#### [Aim of the exercise]
Copy the material below verbatim from the line with "Austin Western Straw" to the line with "轻奢风满钻C形耳环铜镀金水钻开口耳圈欧美时尚夸张耳饰工厂批发详情7", both lines included, omitting pictures and every line outside that range.

#### [Provided information]
________________
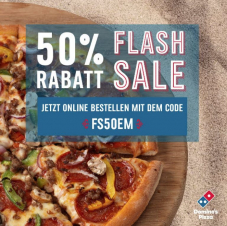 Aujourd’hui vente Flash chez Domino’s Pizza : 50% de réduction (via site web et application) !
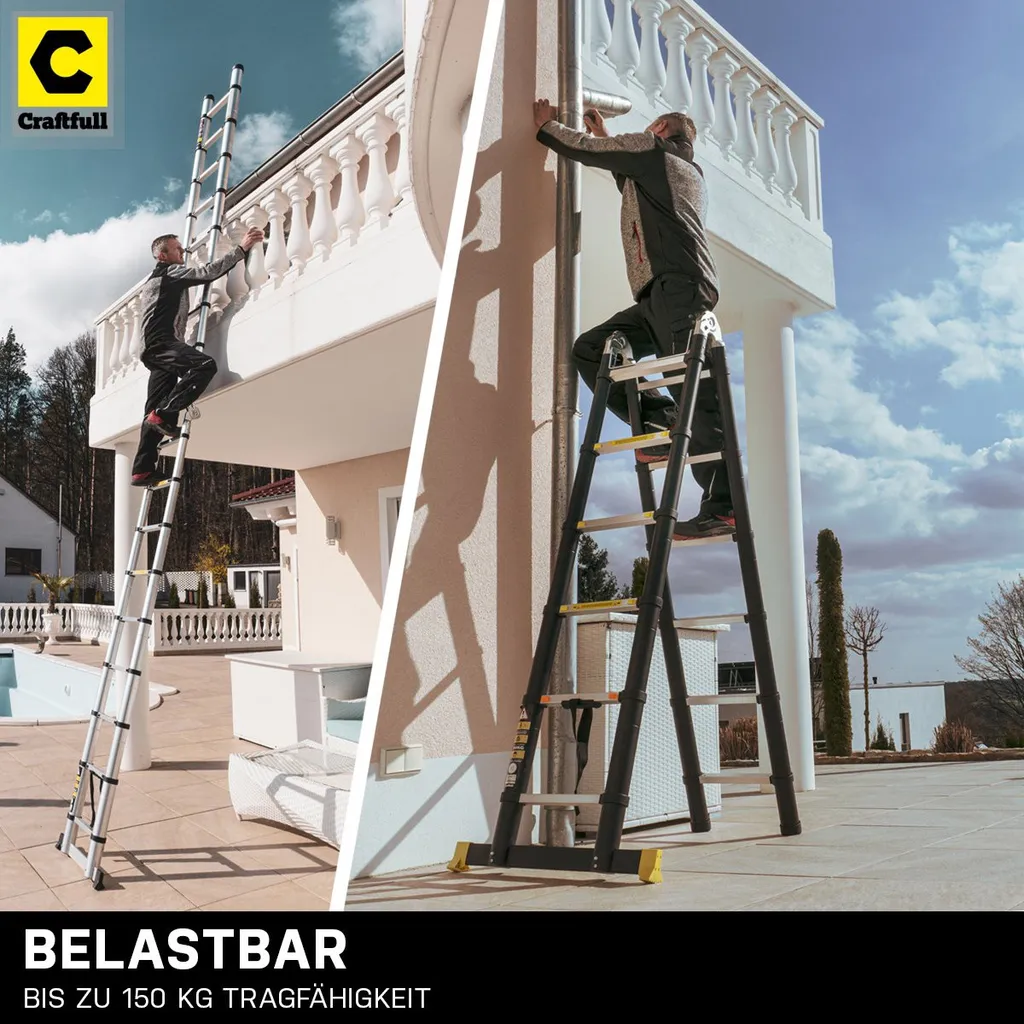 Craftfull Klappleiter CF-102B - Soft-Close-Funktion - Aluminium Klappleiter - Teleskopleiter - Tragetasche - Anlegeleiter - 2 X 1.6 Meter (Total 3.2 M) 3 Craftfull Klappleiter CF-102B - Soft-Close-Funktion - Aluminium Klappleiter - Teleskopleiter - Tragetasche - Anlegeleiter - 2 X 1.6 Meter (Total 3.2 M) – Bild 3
________________
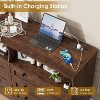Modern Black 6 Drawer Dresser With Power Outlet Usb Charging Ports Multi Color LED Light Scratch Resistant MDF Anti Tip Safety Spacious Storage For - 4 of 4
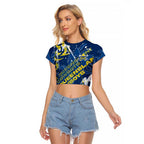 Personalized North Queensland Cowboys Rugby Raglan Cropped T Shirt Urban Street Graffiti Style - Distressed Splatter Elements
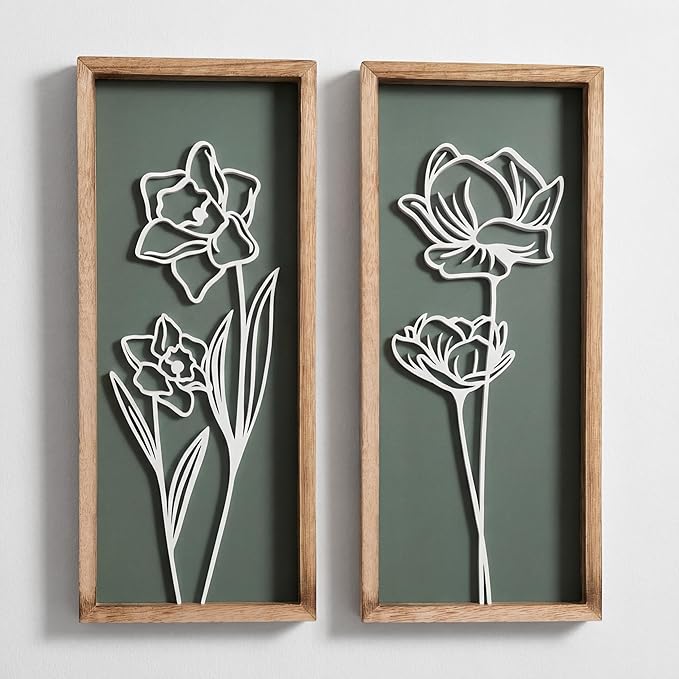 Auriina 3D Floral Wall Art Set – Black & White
________________
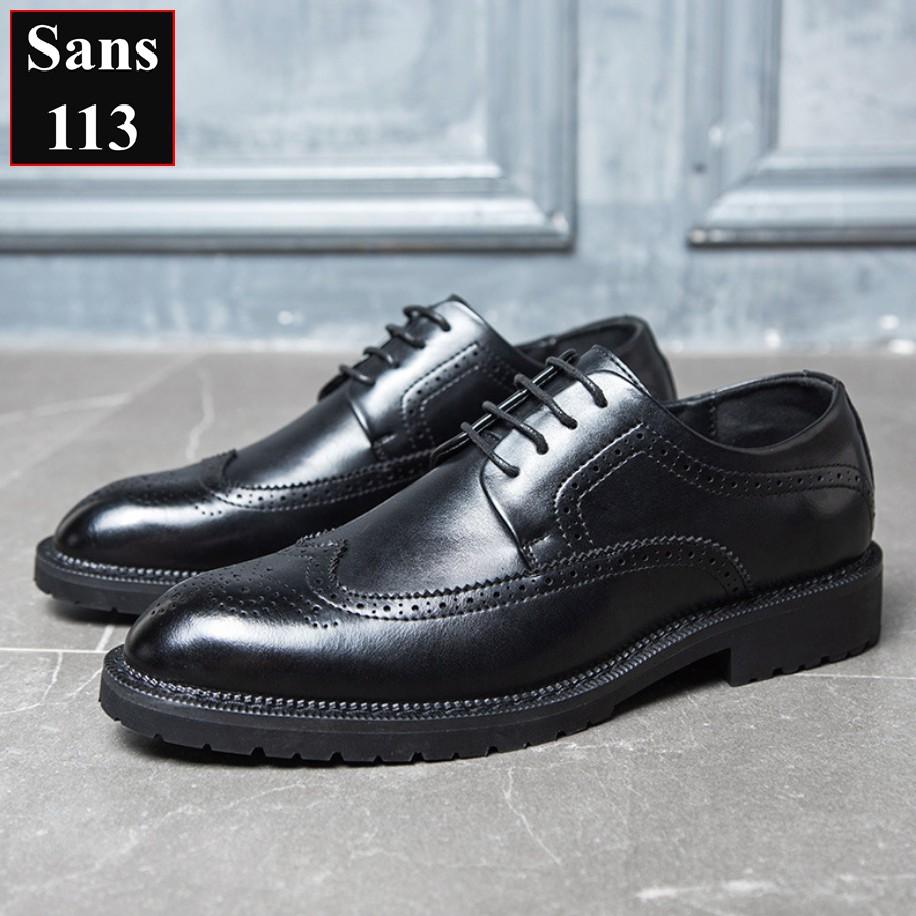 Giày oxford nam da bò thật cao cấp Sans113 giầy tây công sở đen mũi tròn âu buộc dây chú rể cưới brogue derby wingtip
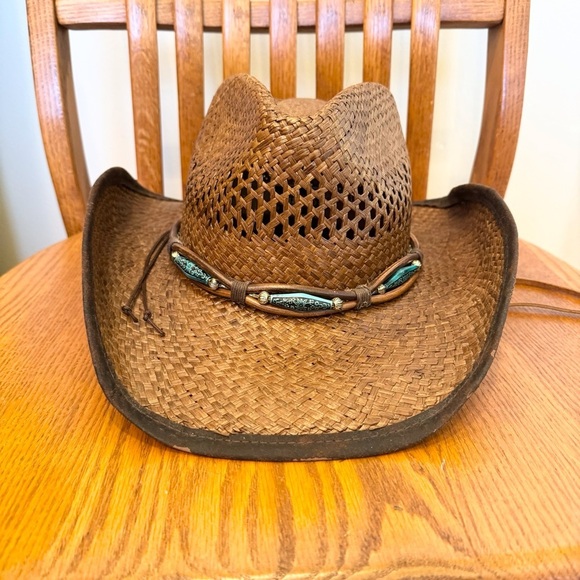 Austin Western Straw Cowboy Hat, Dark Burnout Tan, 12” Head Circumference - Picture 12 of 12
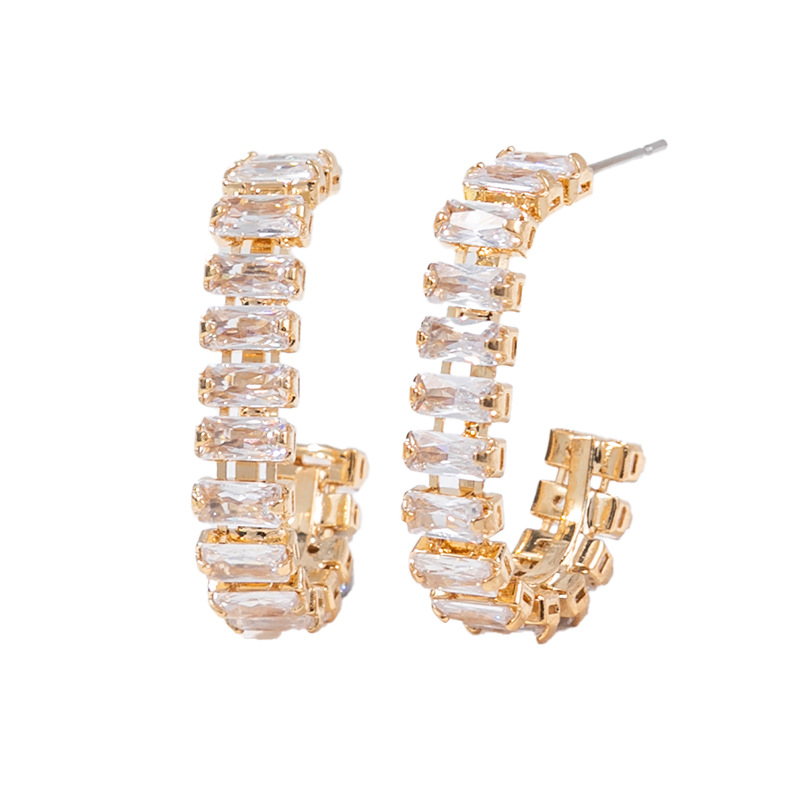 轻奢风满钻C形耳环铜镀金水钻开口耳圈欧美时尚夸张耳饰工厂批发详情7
________________
#### [Answer for this exercise]
 Austin Western Straw Cowboy Hat, Dark Burnout Tan, 12” Head Circumference - Picture 12 of 12
 轻奢风满钻C形耳环铜镀金水钻开口耳圈欧美时尚夸张耳饰工厂批发详情7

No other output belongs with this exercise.